Intelligent prediction of volcanic activity using 3D distributed mobile wireless sensor networks
摘要
This study presents a novel framework for forecasting volcanic activity by integrating an intelligent prediction system within a three-dimensional distributed mobile wireless sensor network (3D-MWSN). Recognizing the severe risks posed by volcanic eruptions to surrounding communities and infrastructure, the system is designed to enhance forecasting accuracy and support disaster preparedness. Leveraging advanced machine learning algorithms and real-time data acquisition, it analyzes diverse volcanic indicators to deliver highly accurate eruption predictions. The framework addresses two key challenges in volcanic monitoring: achieving robust prediction in dynamic, hazardous terrains and ensuring the limited energy autonomy of distributed sensors. To overcome these challenges, we propose an innovative energy harvesting mechanism based on power splitting technology, enabling long-term operation in remote areas.
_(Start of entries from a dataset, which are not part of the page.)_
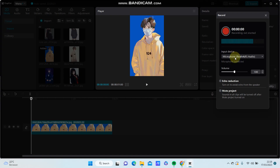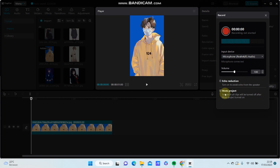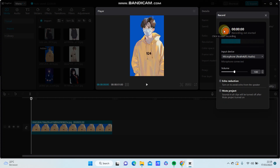You can set it up for yourself and turn on the EQ reduction or mute the project, then just click to start recording with the red button.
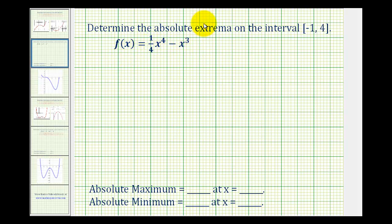We need to determine the absolute extrema on the closed interval from negative one to four of the given function. Now absolute extrema are different from relative extrema, so let's start with a quick review.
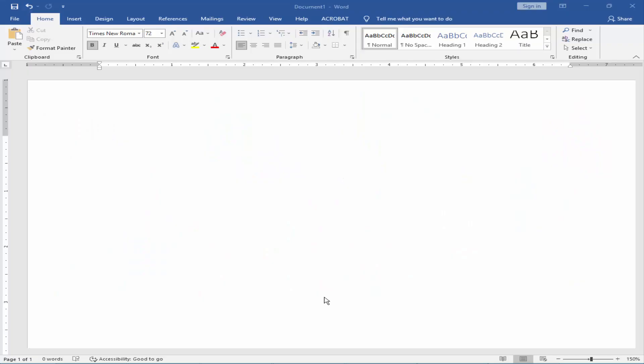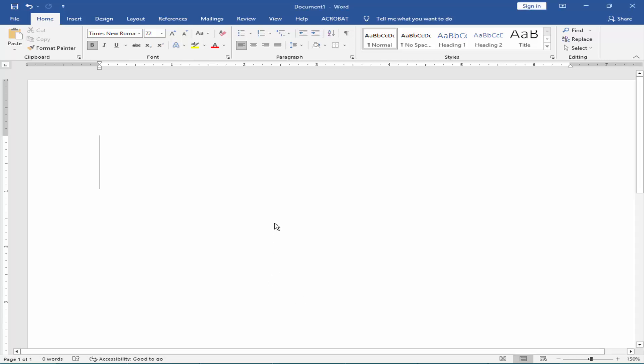Assalamualaikum. In this video, how to insert double circle symbol below a letter and number in Microsoft Word. Let's get started.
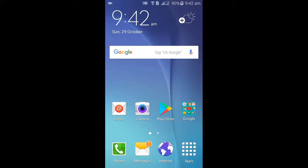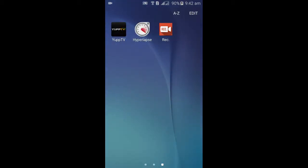First, download the Microsoft Hyperlapse application from the Play Store. After installing it, open the app from your mobile phone.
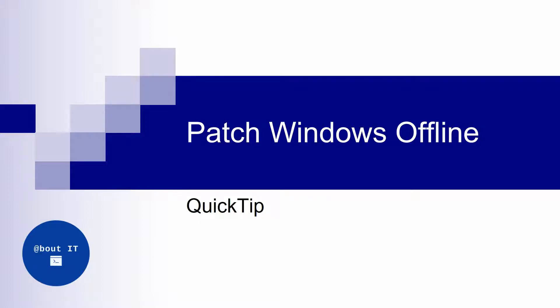Hello everyone, in this quick tip I'm going to show you very quickly how to patch a Windows image offline.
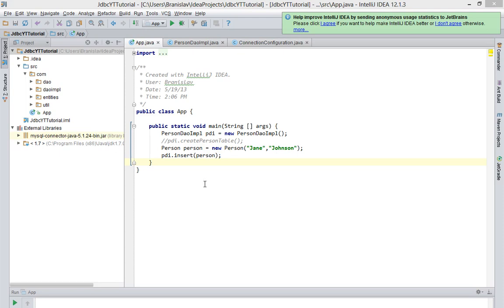Hi and welcome to my new tutorial about Java and JDBC. In this tutorial I'm going to show you how to retrieve values from a table in your database.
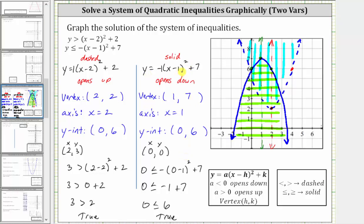And now to find the solution to the system, we look for the double shaded region, which we can see is this region here bounded by the two parabolas. So the final solution to the system is just this overlapping region here. I hope you found this helpful.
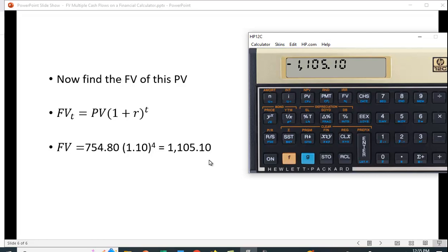We just hit the future value button and we get 1,105 dollars and 10 cents. So that's a much easier, much simpler way to calculate the future value of a series of cash flows by taking advantage of this cash flow worksheet that allows us to calculate NPV and then just finding the future value of that lump sum.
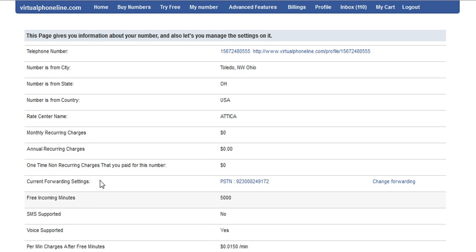This is how you can change the billing cycle for your account or for your virtual numbers. Thank you.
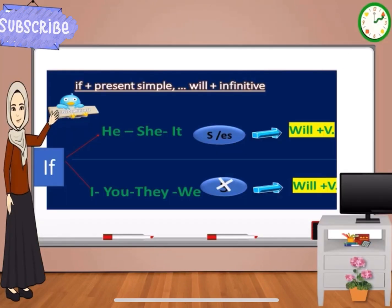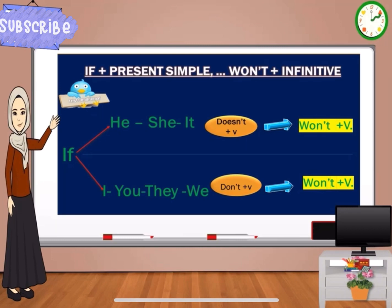So, our rule will be like the following. After 'if', we have the condition and the result. The condition, we put it in the present simple tense. And the result, we put it in the future simple tense. If we want to negate our sentence, it will be very easy. We can negate the present simple by writing 'doesn't' or 'don't' according to the subject of the sentence. And also, we can negate 'will' and write 'won't' according to the meaning of the sentence.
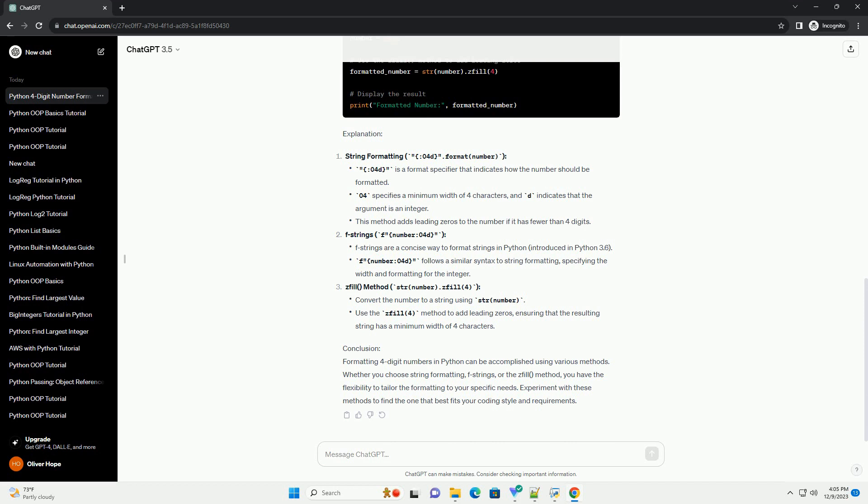Explanation: String Formatting: '04d'.format(number). F-Strings: f'{number:04d}'. ZFill Method: str(number).zfill(4).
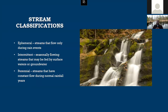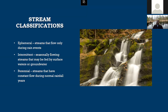There are a couple of broad classifications for stream types. Ephemeral streams only flow during rain events. Intermittent streams are seasonally flowing, fed by surface waters or groundwater — for example, streams that only flow during winter or early spring snowmelt. Perennial streams have constant flow during normal years, and this is what most people think of when they think of a stream.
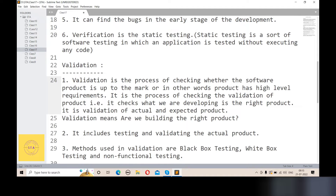The actual results must match the expected results. Validation is the process of checking whether the software is up to mark or not. It checks that what we are developing is the right product, and it validates the actual and expected product. In a single word, validation means we are building the right product. In verification we say we are building the product right, and in validation we say we are building the right product.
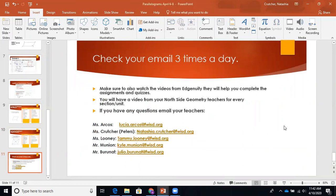Important reminder: please check your email three times a day — we are sending out all kinds of resources for you guys. Make sure to also watch the videos from Edgenuity — they will help you complete the assignments and quizzes. You will have a video from your Northside geometry teachers for every section and unit. If you have any questions, email your teachers. We're going to be doing this for all the lessons, and I promise to get better at it — this was my first one. If you have any questions, please feel free to reach out.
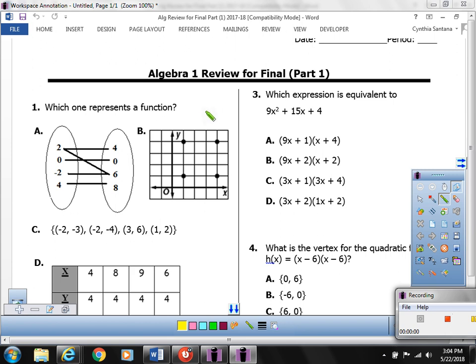This is the Algebra 1 review for the final exam, Part 1. I'm going to start with number 1. Number 1 says, which one represents a function?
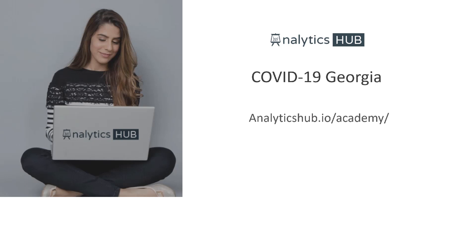To do our little part in this difficult time, analyticshub.io will host a full day workshop to raise funds for COVID-19 charity and we will donate the entire amount to charity. If you like what we teach, please stay tuned and support us to help for such a great cause that we all care for.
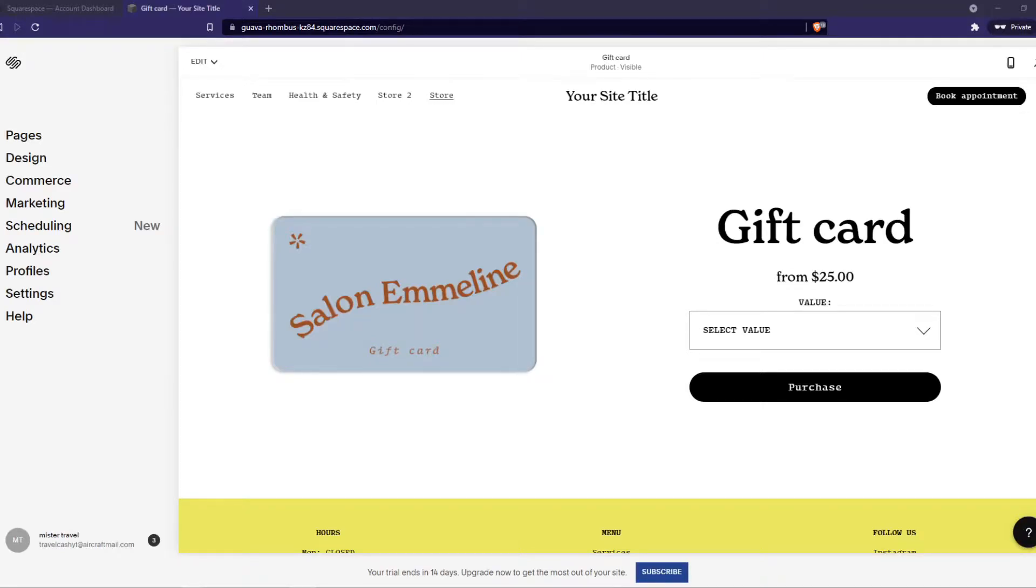In this video I'm going to show you how you can move products between two pages on your Squarespace website.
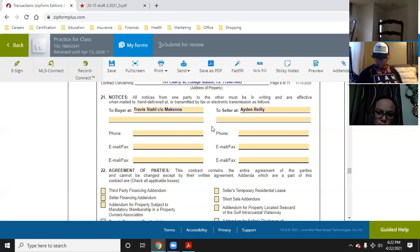So even if Aiden has an exclusive right to sell agency with some agent, as soon as he sells his property he's just a person — anybody can contact him.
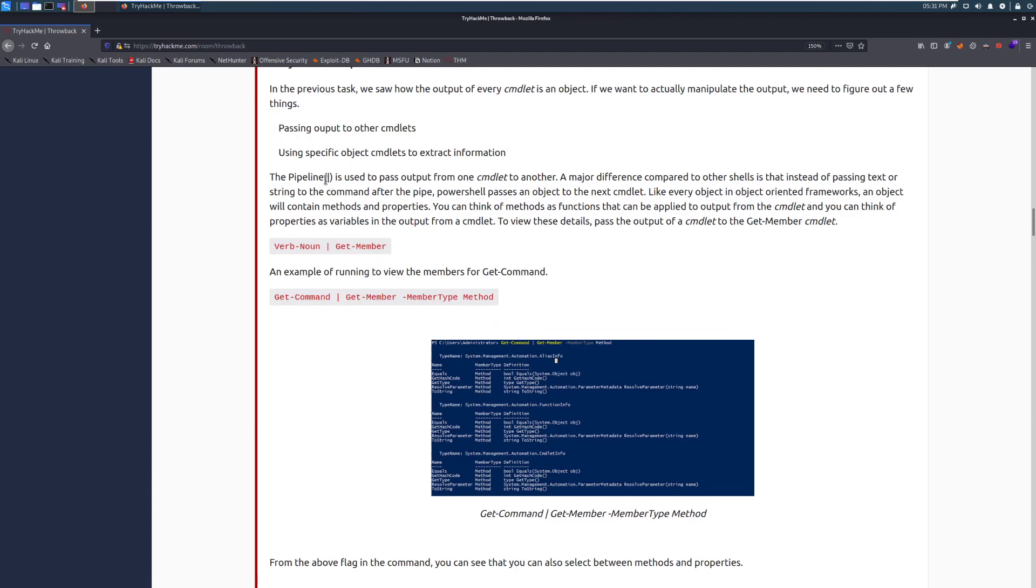The pipeline, which is just this vertical bar, is used to pass output from one cmdlet to another. A major difference compared to other shells is that instead of passing text or string to the command after the pipe, PowerShell passes an object to the next cmdlet. Like every object in the object-oriented frameworks or programming languages, an object will contain methods and properties. So think of this as like a physical folder. You can put a bunch of different things in there.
Unlike conventional monitoring systems, which rely on static sensors and fragmented data, the proposed 3D-MWSN provides dynamic, spatially rich and real-time observations. Experimental evaluations on real and simulated volcanic datasets highlight that the system improves forecasting accuracy and reduces false alarms. This work demonstrates that integrating mobile wireless sensors with intelligent prediction not only advances the state of the art in volcanic monitoring but also offers a sustainable and deployable solution for proactive disaster risk reduction in volcanic regions.